Before (median of 5 runs): 11.623297415 seconds time elapsed
After: 8.123567205 seconds time elapsed

#include <sys/time.h>

static uint64_t microsec(struct timespec Time) {
  return Time.tv_sec * 1000000 + (Time.tv_nsec / 1000);
}

void elf::log2(const Twine &Msg) {
  static uint64_t Start = 0;
  struct timespec Time;
  clock_gettime(CLOCK_MONOTONIC, &Time);
  if (Start == 0)
    Start = microsec(Time);
  llvm::errs() << (microsec(Time) - Start) << " " << Msg << "\n";
}

I often add this piece of code to measure time of each pass. This is hacky but still better than time command. Did you try to measure this patch on Windows?

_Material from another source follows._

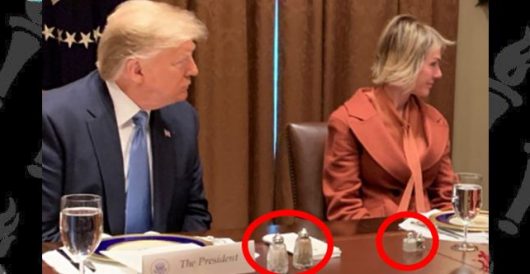 Trump gets bigger salt and pepper shakers than guests at working lunches or dinners by LU Staff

Yes, and I'm still seeing the regression on Windows. The MSVC profiler tells me that I'm spending a lot of time creating memory maps for files, so I'm wondering whether memory map performance on Windows is the root cause of the very different performance results as compared to Linux (maybe this patch somehow causes us to open files repeatedly or something, I don't know). I'm still investigating, but I think I'd be fine with landing this in parallel with the investigation.

ruiu accepted this revision.Dec 9 2016, 1:48 PM
ruiu edited edge metadata.

LGTM. Please submit this patch. I'm now trying to close the gap between ELF and COFF, and that's exactly what I want. Thank you for doing this.

This revision is now accepted and ready to land.Dec 9 2016, 1:48 PM
This revision was automatically updated to reflect the committed changes.